Ia mengatakan, kalaupun menerima pendapatan dari karakter itu, ia mendapatkannya dari honor mengisi suara dalam program Laptop Si Unyil. "Saya tidak menerima satu sen pun," ujarnya mengenai royalti atas tokoh anak-anak tersebut.
Arief Maulana, koordinator teman-teman muda Pak Raden, mengatakan, acara ini dibuat untuk mengetuk hati masyarakat Indonesia terhadap kehidupan Pak Raden. Melalui acara itu, ia meminta dukungan untuk memperjuangkan agar hak cipta Si Unyil kembali ke Pak Raden.
Selain menyanyi, dalam acara tersebut Pak Raden juga menjual sejumlah barang, seperti kaus warna kuning cerah yang dijualnya dengan harga sesuai keikhlasan penonton. Kaus itu laku Rp 120.000. Pak Raden juga menjual buku-buku yang dibuatnya seharga Rp 125.000 untuk empat seri.
Pak Raden berdandan mirip seperti karakternya dalam tayangan serial Si Unyil, dengan menggunakan kumis, belangkon, pakaian adat Jawa warna gelap, dan tongkat. Meski telah berusia hampir 80 tahun dan harus berjalan dengan tongkat, ia tetap bersemangat mengikuti acara tersebut hingga selesai.
Pak Raden tinggal dalam rumah berukuran 100 meter persegi dengan tiga kamar, satu kamar tamu, dan sebuah dapur.
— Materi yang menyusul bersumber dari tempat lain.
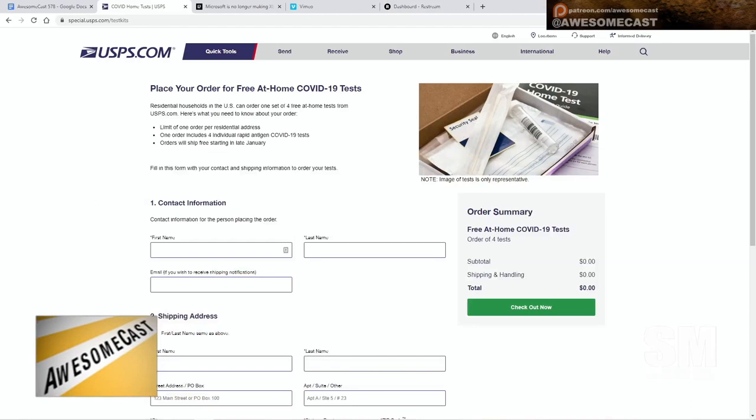Our friend Aaron sent the link over. I didn't catch the dot-org but I saw the form you go to. It's really easy — just fill it out and they say they're going to start shipping at the end of January.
Rumah tersebut tampak kusam dengan atap yang bocor dan rusak tak terawat. Pak Raden tidak menikah dan tidak memiliki keturunan. Di rumahnya, ia hidup bersama dua pengasuhnya, Madun dan Nanang.
Menurut Madun, Pak Raden menggantungkan hidupnya dari melukis dan juga melakukan pertunjukan boneka sebagai keahlian. Seiring dengan perkembangan zaman dan usia, pertunjukan boneka merosot tidak seperti zaman masa jaya Si Unyil.
Kini, Pak Raden telah berpulang dalam usia 82 tahun. Sang cucu, Ilona, mengatakan bahwa Pak Raden meninggal dunia setelah mengalami penurunan kondisi kesehatan pada Jumat (30/10/2015) siang.
"Iya benar, Pak Raden meninggal dunia pukul 22.20 WIB di Rumah Sakit Pelni, Petamburan," kata Ilona dalam wawancara per telepon dengan Kompas.com di Jakarta, Jumat malam.
"Tadi siang masuk ke ICU (intensive care unit). Dia ada infeksi berat di paru kanan. Dia juga demam tinggi. Waktu itu ibuku nemenin," tambah Ilona.